• [Work request]: Write the listing out once more, identical to the original but without pictures.

-- Provided data follows --

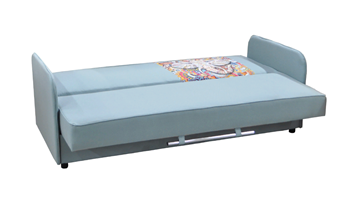 Прямой диван Лазурит 7 БД с купоном в Артеме - изображение 9
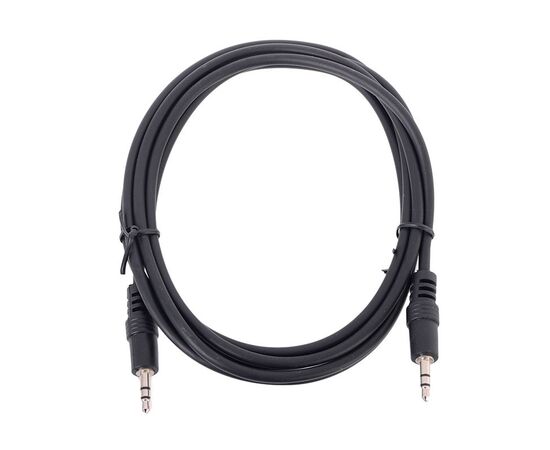 Аудио-кабель TELECOM (TAV7175-1.5M) 3.5mm 1.5м 
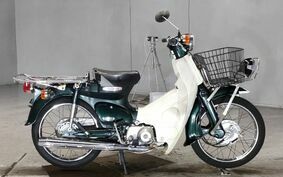 HONDA C70 SUPER CUB HA02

-- Provided data concluded --

• [Your response]:
 Прямой диван Лазурит 7 БД с купоном в Артеме - изображение 9
 Аудио-кабель TELECOM (TAV7175-1.5M) 3.5mm 1.5м 
 HONDA C70 SUPER CUB HA02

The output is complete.